Stored data entries:
== Segment start ==

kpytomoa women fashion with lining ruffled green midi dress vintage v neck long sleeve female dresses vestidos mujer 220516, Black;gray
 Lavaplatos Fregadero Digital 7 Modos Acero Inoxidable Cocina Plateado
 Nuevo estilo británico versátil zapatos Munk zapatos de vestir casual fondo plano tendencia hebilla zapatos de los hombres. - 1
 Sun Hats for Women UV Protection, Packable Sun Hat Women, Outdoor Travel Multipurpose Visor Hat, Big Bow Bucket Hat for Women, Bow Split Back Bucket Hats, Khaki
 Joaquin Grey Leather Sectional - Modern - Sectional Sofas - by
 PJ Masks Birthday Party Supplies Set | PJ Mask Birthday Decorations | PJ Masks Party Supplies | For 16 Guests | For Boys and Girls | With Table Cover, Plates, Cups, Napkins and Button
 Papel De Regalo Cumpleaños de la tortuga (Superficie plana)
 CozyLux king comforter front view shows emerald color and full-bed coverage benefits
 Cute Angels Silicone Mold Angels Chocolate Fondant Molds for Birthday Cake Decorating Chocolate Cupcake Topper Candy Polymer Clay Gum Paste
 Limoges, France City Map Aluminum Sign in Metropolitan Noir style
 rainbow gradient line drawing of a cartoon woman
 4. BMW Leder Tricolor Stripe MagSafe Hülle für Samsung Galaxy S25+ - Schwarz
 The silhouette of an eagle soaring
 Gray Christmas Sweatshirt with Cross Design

== Segment end ==

● **About this task**: Copy out the data shown above in full. Match it exactly.

● **Output below**:
kpytomoa women fashion with lining ruffled green midi dress vintage v neck long sleeve female dresses vestidos mujer 220516, Black;gray
 Lavaplatos Fregadero Digital 7 Modos Acero Inoxidable Cocina Plateado
 Nuevo estilo británico versátil zapatos Munk zapatos de vestir casual fondo plano tendencia hebilla zapatos de los hombres. - 1
 Sun Hats for Women UV Protection, Packable Sun Hat Women, Outdoor Travel Multipurpose Visor Hat, Big Bow Bucket Hat for Women, Bow Split Back Bucket Hats, Khaki
 Joaquin Grey Leather Sectional - Modern - Sectional Sofas - by
 PJ Masks Birthday Party Supplies Set | PJ Mask Birthday Decorations | PJ Masks Party Supplies | For 16 Guests | For Boys and Girls | With Table Cover, Plates, Cups, Napkins and Button
 Papel De Regalo Cumpleaños de la tortuga (Superficie plana)
 CozyLux king comforter front view shows emerald color and full-bed coverage benefits
 Cute Angels Silicone Mold Angels Chocolate Fondant Molds for Birthday Cake Decorating Chocolate Cupcake Topper Candy Polymer Clay Gum Paste
 Limoges, France City Map Aluminum Sign in Metropolitan Noir style
 rainbow gradient line drawing of a cartoon woman
 4. BMW Leder Tricolor Stripe MagSafe Hülle für Samsung Galaxy S25+ - Schwarz
 The silhouette of an eagle soaring
 Gray Christmas Sweatshirt with Cross Design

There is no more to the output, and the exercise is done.